Menulis adalah pekerjaan sunyi. Tidak ada tepuk tangan meriah saat seseorang menyelesaikan satu paragraf yang brilian. Tidak ada sorak-sorai penonton yang menyaksikan seorang penulis bertarung dengan kata-kata di layar kosong atau lembar kertas yang menantang.
Yang ada hanya suara jemari di atas keyboard atau gesekan pena di atas kertas—dan mungkin, sesekali, desahan napas berat saat satu kalimat terasa begitu sulit dirangkai.
Bagi sebagian orang, menulis adalah bentuk eksistensi. Ia adalah cara untuk tetap ada, bahkan ketika tubuh telah rapuh oleh waktu. Sebuah kalimat yang ditulis hari ini bisa menjadi saksi bagi generasi yang belum lahir.

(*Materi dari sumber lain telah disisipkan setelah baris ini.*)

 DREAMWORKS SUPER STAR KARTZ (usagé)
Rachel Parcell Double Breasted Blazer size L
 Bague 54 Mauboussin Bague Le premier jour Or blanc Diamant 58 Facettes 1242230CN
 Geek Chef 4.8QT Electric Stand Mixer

Kata-kata memiliki kekuatan untuk melampaui keterbatasan fisik, menembus ruang dan waktu, meninggalkan jejak yang tak mudah dihapus. Dalam pengertian ini, menulis bukan sekadar aktivitas, melainkan upaya menuju keabadian.
Tapi, jalan menuju keabadian itu bukan jalur yang ramai. Menulis sering kali berarti terisolasi, terjebak dalam dunia yang hanya dihuni oleh si penulis dan kata-kata yang ia susun. Ada kenikmatan dalam kesendirian itu, tapi juga ada beban yang harus ditanggung.

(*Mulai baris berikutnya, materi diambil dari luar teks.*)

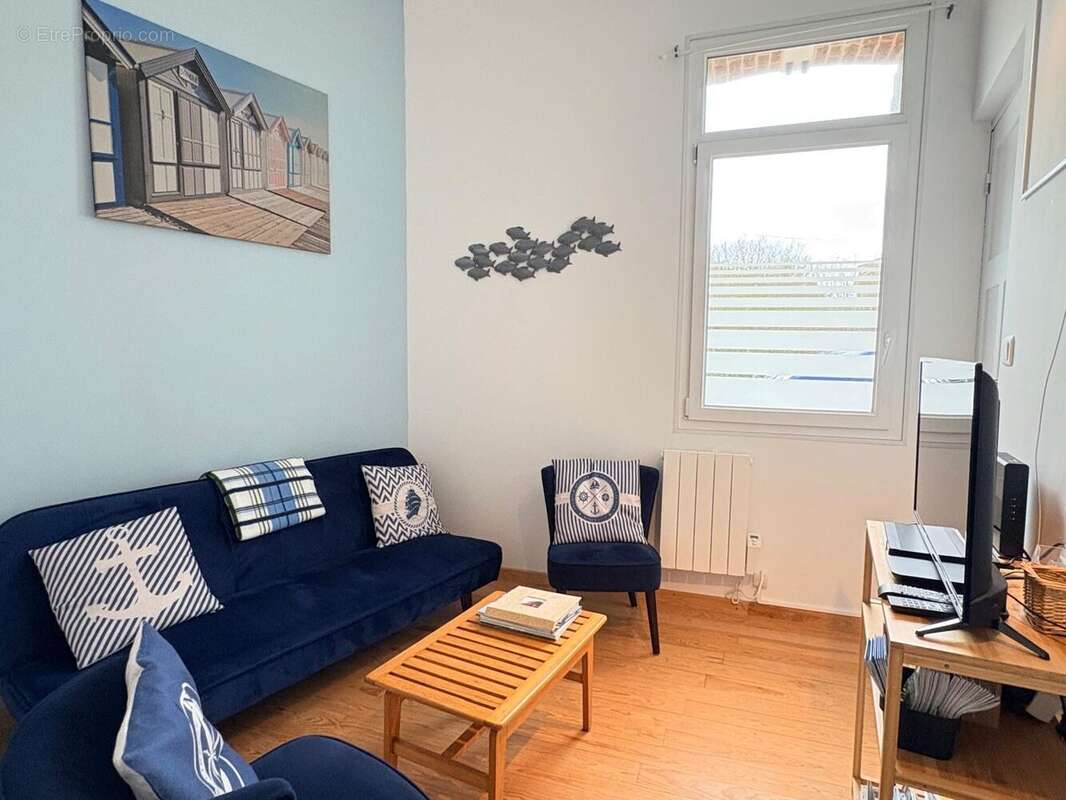 Maison à CAYEUX-SUR-MER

Sebab menulis bukan hanya soal merangkai kata-kata indah, tetapi juga menghadapi diri sendiri—bertarung dengan ketakutan, kegelisahan, dan pertanyaan-pertanyaan yang tak selalu punya jawaban.
Menulis: Sebuah Dialog dengan Diri Sendiri
Menulis adalah bentuk percakapan paling jujur dengan diri sendiri. Tidak ada sensor, tidak ada penghakiman dari orang lain—hanya ada kejujuran yang mengalir di antara baris-baris tulisan. Saat menulis, seseorang bisa menggali kenangan yang telah lama terkubur, menelanjangi perasaan yang bahkan tak berani diucapkan, atau membangun dunia yang selama ini hanya ada di dalam kepala.
Tapi, kesunyian dalam menulis bukan berarti kesepian. Justru dalam kesunyian itulah seorang penulis menemukan suara dirinya yang paling otentik. Penulis yang baik bukan hanya mereka yang pandai merangkai kata-kata, tetapi juga mereka yang berani mendengarkan suaranya sendiri dan menuangkannya tanpa takut dihakimi.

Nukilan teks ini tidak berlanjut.